Montague later admitted to Tonika Willis that he had shot Newsom.
Police recovered bullets and spent shell casings from the apartment and interviewed
witnesses. Montague was eventually arrested and charged with murder. He was convicted and
sentenced, and this appeal followed.
DISCUSSION
Expert testimony
At trial, the State called Calvin Story, a forensic firearms examiner with the Texas
Department of Public Safety Crime Lab. Outside the presence of the jury, the trial court and the
attorneys addressed Montague’s previously filed motion to suppress ballistics evidence and whether
Montague should be granted a hearing to determine the admissibility of the State’s expert witness’s
testimony.
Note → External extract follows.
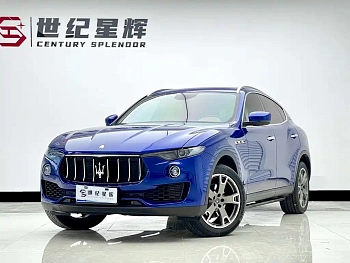 Levante 2019 3.0T Standard Edition National V купить на сайте DeffCars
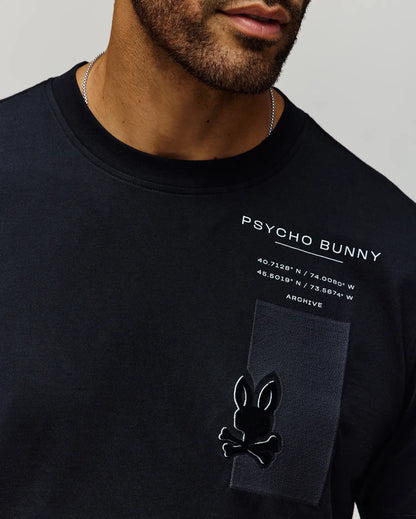 MENS SUMMIT GRAPHIC TEE - MT0200083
In his motion, Montague had challenged the admissibility of the State’s ballistics
evidence under Texas Rule of Evidence 702, which governs the admission of expert testimony. The
State argued before the trial court that the court had no obligation to conduct a hearing on the
admissibility of the ballistics evidence because such evidence “is well settled and admissible.” The
trial court allowed the expert witness to testify, explaining its decision as follows:
The Court is going—this particular examiner I believe has testified in this court
before and the—on other occasions, and I think that defense can properly challenge
whatever this witness has to say. And then I think it’s going to be up to the jury to
figure out whether or not they want to put whatever weight and credibility to this
witness.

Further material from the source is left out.